Output exactly the lines below, starting with the line that has "Legend- 11 Flavours Cookie Gift Box.webp" and going on through the line that has "Led1341 9.jpg", both included, and no other lines.

>>

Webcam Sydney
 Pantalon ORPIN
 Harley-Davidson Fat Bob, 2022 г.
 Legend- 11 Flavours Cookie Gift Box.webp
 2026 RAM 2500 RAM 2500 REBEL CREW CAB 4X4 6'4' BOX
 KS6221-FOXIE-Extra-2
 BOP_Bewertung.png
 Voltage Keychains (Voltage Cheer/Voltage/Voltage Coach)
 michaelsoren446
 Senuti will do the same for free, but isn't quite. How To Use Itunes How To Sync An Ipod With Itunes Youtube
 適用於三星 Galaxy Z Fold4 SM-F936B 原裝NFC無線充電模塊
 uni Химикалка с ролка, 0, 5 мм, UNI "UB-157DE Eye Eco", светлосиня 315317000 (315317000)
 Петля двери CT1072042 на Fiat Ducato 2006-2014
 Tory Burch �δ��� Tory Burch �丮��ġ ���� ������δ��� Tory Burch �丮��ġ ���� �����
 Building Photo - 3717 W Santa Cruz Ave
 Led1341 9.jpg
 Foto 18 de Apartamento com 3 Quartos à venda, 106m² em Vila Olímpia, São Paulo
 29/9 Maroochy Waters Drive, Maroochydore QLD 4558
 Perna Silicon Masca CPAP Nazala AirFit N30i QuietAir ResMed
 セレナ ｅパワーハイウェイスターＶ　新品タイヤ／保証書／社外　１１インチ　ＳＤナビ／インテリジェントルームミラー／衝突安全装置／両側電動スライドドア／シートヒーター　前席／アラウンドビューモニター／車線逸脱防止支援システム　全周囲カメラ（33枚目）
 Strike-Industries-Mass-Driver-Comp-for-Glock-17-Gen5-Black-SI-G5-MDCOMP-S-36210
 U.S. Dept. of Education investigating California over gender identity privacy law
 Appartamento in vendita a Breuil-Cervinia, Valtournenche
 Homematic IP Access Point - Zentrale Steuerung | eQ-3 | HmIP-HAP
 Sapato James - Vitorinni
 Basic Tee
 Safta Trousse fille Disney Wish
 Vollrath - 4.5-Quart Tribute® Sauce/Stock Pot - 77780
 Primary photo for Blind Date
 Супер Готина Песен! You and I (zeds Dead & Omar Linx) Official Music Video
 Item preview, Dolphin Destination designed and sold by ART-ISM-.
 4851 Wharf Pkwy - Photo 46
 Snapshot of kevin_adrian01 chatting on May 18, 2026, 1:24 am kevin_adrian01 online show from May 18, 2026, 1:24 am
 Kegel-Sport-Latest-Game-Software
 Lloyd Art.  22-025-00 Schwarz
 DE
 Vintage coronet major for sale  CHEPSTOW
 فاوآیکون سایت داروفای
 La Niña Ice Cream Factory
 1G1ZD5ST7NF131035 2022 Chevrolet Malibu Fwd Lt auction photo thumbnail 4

<<

• RESULT BELOW
 Legend- 11 Flavours Cookie Gift Box.webp
 2026 RAM 2500 RAM 2500 REBEL CREW CAB 4X4 6'4' BOX
 KS6221-FOXIE-Extra-2
 BOP_Bewertung.png
 Voltage Keychains (Voltage Cheer/Voltage/Voltage Coach)
 michaelsoren446
 Senuti will do the same for free, but isn't quite. How To Use Itunes How To Sync An Ipod With Itunes Youtube
 適用於三星 Galaxy Z Fold4 SM-F936B 原裝NFC無線充電模塊
 uni Химикалка с ролка, 0, 5 мм, UNI "UB-157DE Eye Eco", светлосиня 315317000 (315317000)
 Петля двери CT1072042 на Fiat Ducato 2006-2014
 Tory Burch �δ��� Tory Burch �丮��ġ ���� ������δ��� Tory Burch �丮��ġ ���� �����
 Building Photo - 3717 W Santa Cruz Ave
 Led1341 9.jpg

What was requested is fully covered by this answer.